[ACTION ITEM]
Take the line that contains "Hey, everyone. Welcome" and each one after it through the last line below, and retype them exactly. Leave out the pictures.
··· DATA SECTION
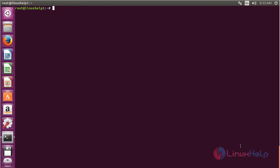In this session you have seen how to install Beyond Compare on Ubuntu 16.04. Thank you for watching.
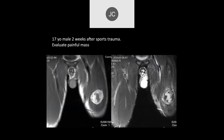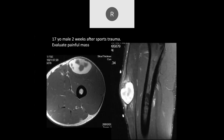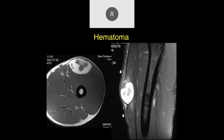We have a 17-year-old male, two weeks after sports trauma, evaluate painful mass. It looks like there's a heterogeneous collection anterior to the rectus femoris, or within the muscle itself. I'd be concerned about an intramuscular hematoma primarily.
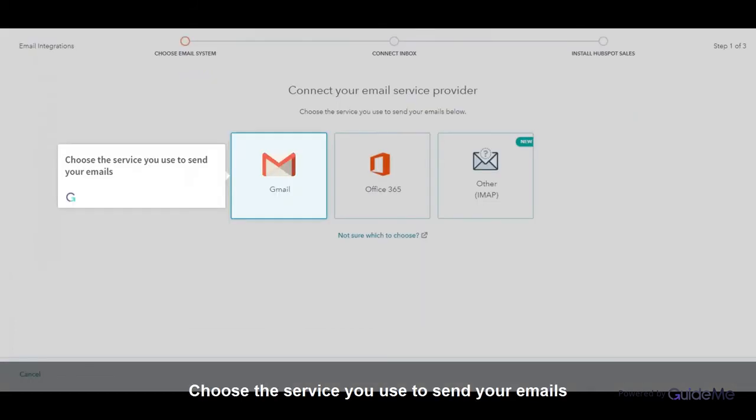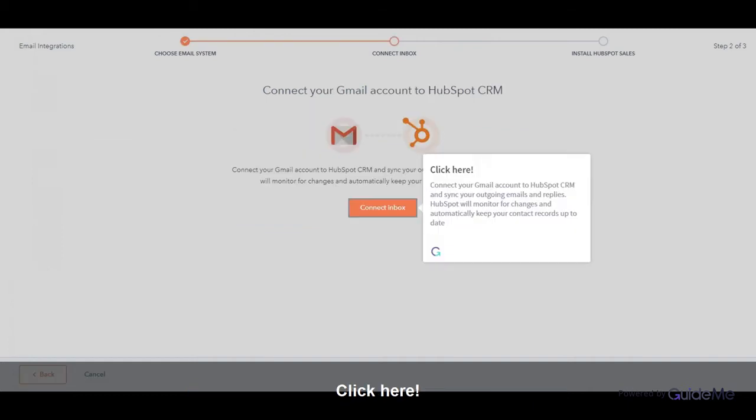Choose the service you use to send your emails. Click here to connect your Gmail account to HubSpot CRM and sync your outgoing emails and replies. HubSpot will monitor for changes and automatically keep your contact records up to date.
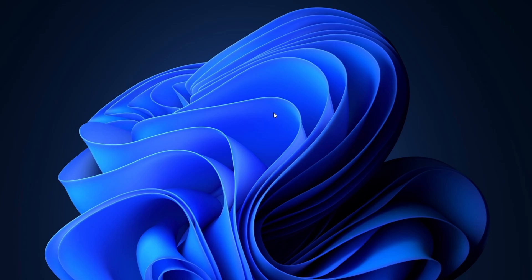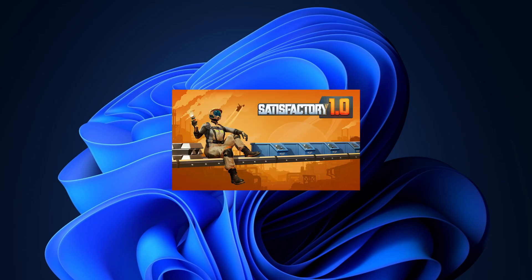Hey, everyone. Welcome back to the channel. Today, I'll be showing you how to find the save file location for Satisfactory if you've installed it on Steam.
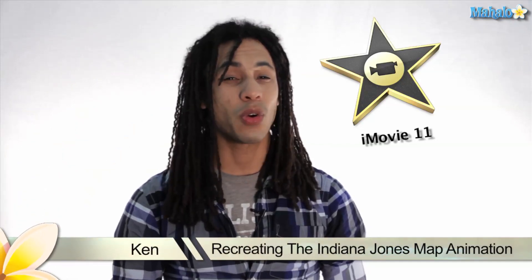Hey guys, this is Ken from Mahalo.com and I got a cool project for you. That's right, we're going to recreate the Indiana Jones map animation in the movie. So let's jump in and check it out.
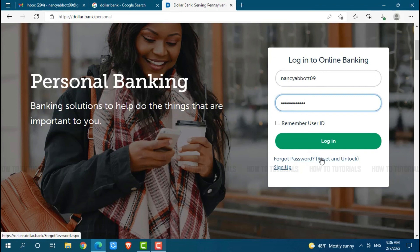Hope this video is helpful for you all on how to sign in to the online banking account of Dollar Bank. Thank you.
······
[TASK ANSWER]
Hey, everyone. Welcome back to the channel. Today, I'll be showing you how to find the save file location for Satisfactory if you've installed it on Steam.
Hey guys, this is Ken from Mahalo.com and I got a cool project for you. That's right, we're going to recreate the Indiana Jones map animation in the movie. So let's jump in and check it out.
Hope this video is helpful for you all on how to sign in to the online banking account of Dollar Bank. Thank you.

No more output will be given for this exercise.